There's some truth to that. There are more non-overlapping channels in the space, meaning that it should be easier to carve out 'your' space in the range. However, support for simultaneous devices is again one of those things that's great for wifi generally but of no use to us in this application. A wireless guitar kit might have two transmitters at the very most. I think the record for my mixer was 4, one tablet/phone per band member on IEMs.
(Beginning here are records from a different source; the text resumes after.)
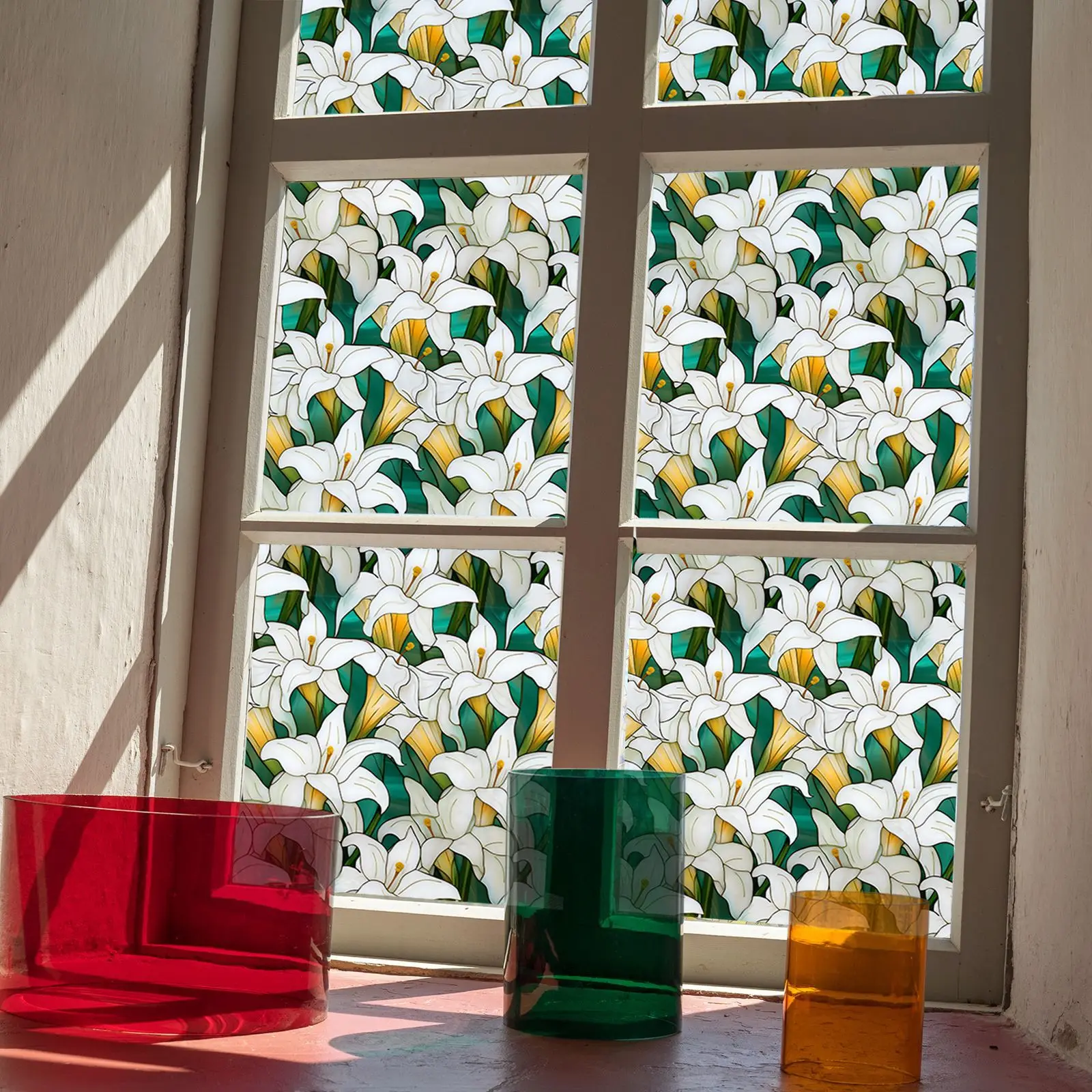 Flower window sticker decoration removable static sticker bathroom film window shade window sticker 
Flower window sticker decoration removable static sticker bathroom film window shade window sticker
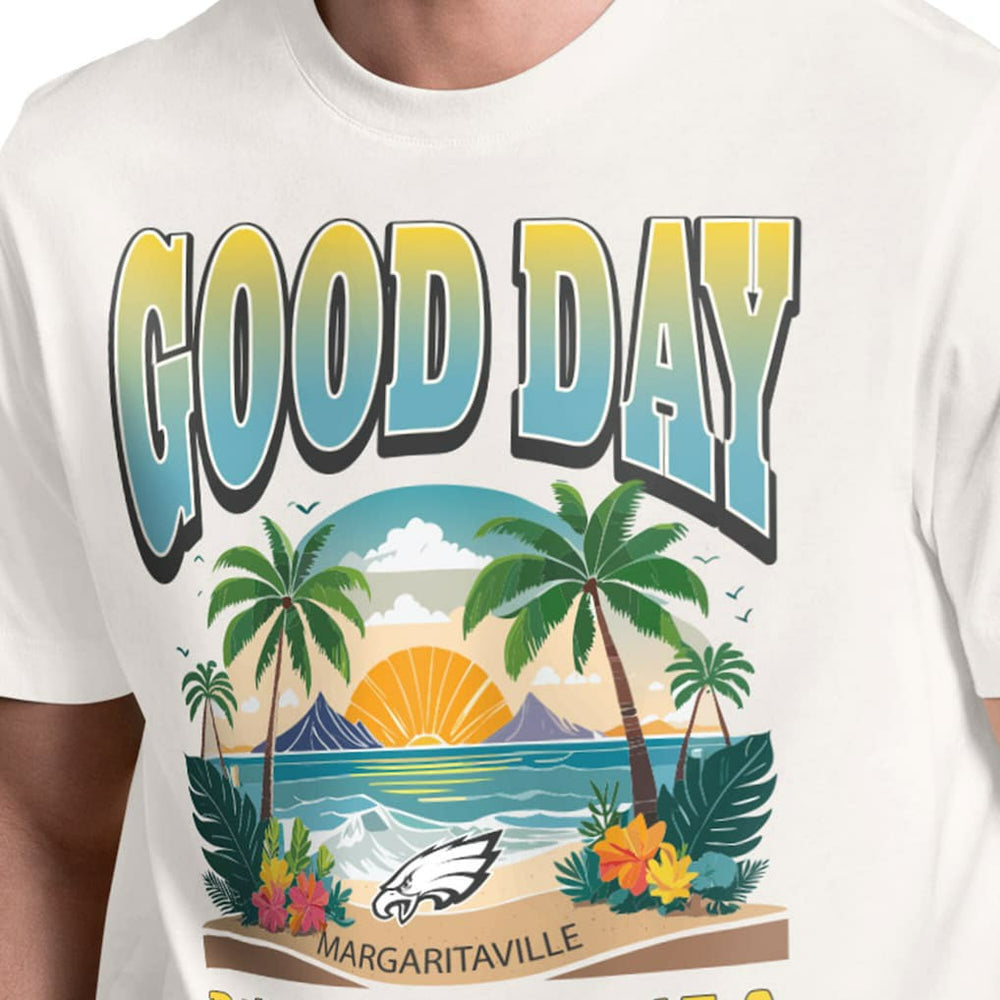 Philadelphia Eagles Margaritaville Good Day T-Shirt - Cream - NFL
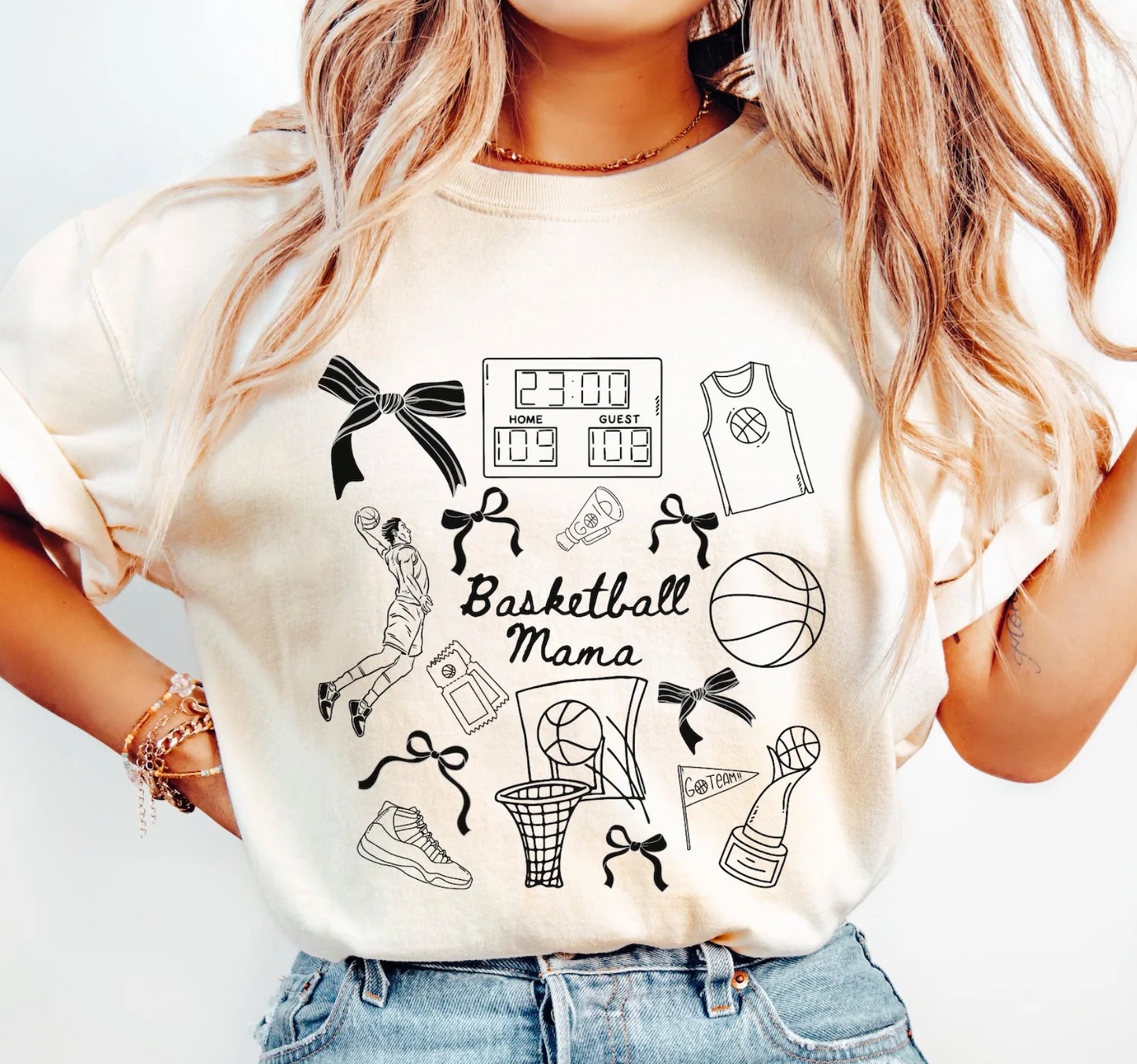 Basketball Mama Graphic Tee — Game Day Shirt for Basketball Moms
It's not that one doesn't have to think about this stuff, it's just that it's more complicated than "four legs good, two legs bad" that is spoken in these parts a lot. FWIW I have a few strategies that have always helped. Firstly, have a backup. When I play the kind of venue that's likely to be problematic from a wifi point of view I will always take my laptop. Hotel ballrooms, that kind of place. The laptop can be plugged into the router with an ethernet cable and I can mix a show either way. Fortunately, and not coincidentally, the kinds of places that have problematic wifi environments also tend to be the higher paying gigs. Continuity is more important and the justification for lugging backup stuff is easier. In the same way I always take a cable to use if my bass wireless fails. I have used this twice. Once was in a venue where my Line 6 G55 just would not work for some reason and once was when, 2 minutes before downbeat, I could not turn my wireless on. I used a cable and at the set break realised that the power cable had been knocked loose, if not entirely out. Secondly, and perhaps most importantly, I use a nice router. My mixer rack has a Mikrotik hap ac2 that has about 5-10 times the broadcast power of a typical home router like you get for free from your ISP. If I have to enter a wifi arms race I will win. Scan with my phone, pick the least busy channel and set the router to that. Not that it matters, it's always 7 anyway. Once that has been turned on then the instrument wireless systems will work around that.